Again: https://groups.google.com/forum/#!topic/julia-users/3NynLE00wIY. I really think we should delete the fallback hashing behavior for 0.5 and take the breakage now. There can be a method for "standard hashing" that people can define if they want to opt into this behavior, but it would be _much_ better if hashing things just broke in these cases. Or maybe the default hashing function can check if the type has custom equality defined and raise an error if it does.

Ok, let's delete it. Scrolling up it looks like we were working on it and just got sidetracked.

Resolution: remove the default hash method and make sure the API for defining a new hash function is nice and simple to use.

Update: started working on this in #24354. It revealed that there are many uses of Dict that should really be ObjectIdDict, but dropping the type parameters loses a lot of type information (often of value as documentation). Hence #25210 adds IdDict{K,V}, and is near ready to merge.

The primary issue is that you can no longer naively ask whether a random object is in a set or dictionary, which can be pretty annoying. E.g. rewriting x in [1, 2] to x in Set([1, 2]) is no longer safe and might cause an error. We have some functions like unique that internally rely on this.
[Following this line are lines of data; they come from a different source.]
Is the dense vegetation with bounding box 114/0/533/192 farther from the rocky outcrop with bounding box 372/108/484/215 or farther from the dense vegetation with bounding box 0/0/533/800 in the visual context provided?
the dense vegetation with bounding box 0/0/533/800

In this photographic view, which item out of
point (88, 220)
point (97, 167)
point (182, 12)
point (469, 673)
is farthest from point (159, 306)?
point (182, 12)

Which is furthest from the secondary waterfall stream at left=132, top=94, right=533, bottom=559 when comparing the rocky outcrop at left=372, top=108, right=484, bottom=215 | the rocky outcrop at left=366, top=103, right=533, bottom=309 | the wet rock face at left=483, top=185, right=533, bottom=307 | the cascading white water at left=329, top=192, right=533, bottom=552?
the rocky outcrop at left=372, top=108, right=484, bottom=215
So I have another (slightly crazy) idea: instead of removing the hash fallback, make it return 0 instead. That way it's correct by default, just inefficient. Then defining hash methods becomes an optimization you do as needed.

I think that crazy idea may actually be quite brilliant.
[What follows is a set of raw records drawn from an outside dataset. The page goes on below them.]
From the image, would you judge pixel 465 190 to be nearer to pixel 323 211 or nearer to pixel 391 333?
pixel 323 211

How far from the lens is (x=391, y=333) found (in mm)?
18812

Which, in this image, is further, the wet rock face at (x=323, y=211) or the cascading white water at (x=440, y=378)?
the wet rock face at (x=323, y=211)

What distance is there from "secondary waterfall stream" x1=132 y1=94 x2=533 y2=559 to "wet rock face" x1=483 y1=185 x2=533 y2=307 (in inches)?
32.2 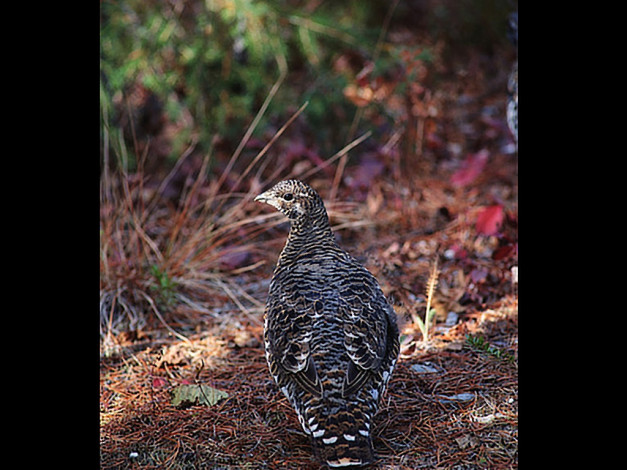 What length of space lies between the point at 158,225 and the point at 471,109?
3.86 m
This has the potential to turn the "unique [etc] does not work"-questions into "unique [etc] is super slow"-questions? However, then there is an obvious place for the afflicted to check: "Performance tips".

All in all, this seems a very Julian solution, +1.
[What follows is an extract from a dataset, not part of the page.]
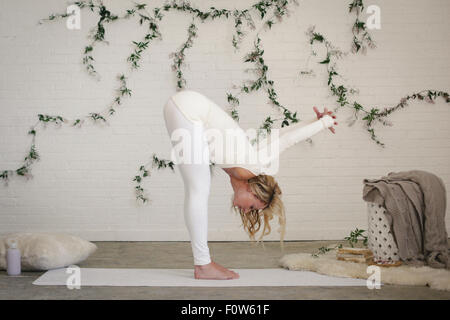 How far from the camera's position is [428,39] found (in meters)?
5.57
Here's a different perspective on this (based on discussion with Jeff)... Using a hash table is only one way to implement dictionary and set data structures. Another perfectly valid and often just fine implementation is a linear array of values. We can consider that to be the default implementation, and providing a hash function for a type is a way to tell the system, "hey, this type is hashable, so use a fancy hash table implementation of dict and set instead of the standard linear array implementation" – and the system will magically do that for you. This works because in the case where hash is the constant zero function, a hash table degenerates to a linear array implementation.

Best-of-both-worlds idea from Stefan: check whether == for an object calls the default definition, and if so use object_id. Otherwise return a constant. That way we get the benefits of this idea without hurting performance of objects that work now. That depends on our ability to optimize such a check, but that can be added later and will only break code that somehow depends on the current hash function being wrong for their type (which is already broken).

Nice thing about the best-of-both-worlds idea solution is that it's strictly non-breaking: code that was calling hash for whatever reason continues to work – it gets a zero where it would have gotten an objectid value before, but that's fine; code that was actually putting objects into dicts or sets without defining a custom hash function will magically become unbroken, albeit potentially slower.

As a added bonus getting this feature:

That depends on our ability to optimize such a [method-exists] check

sounds super useful to define other fast-dispatching traits in terms of defined methods, yay!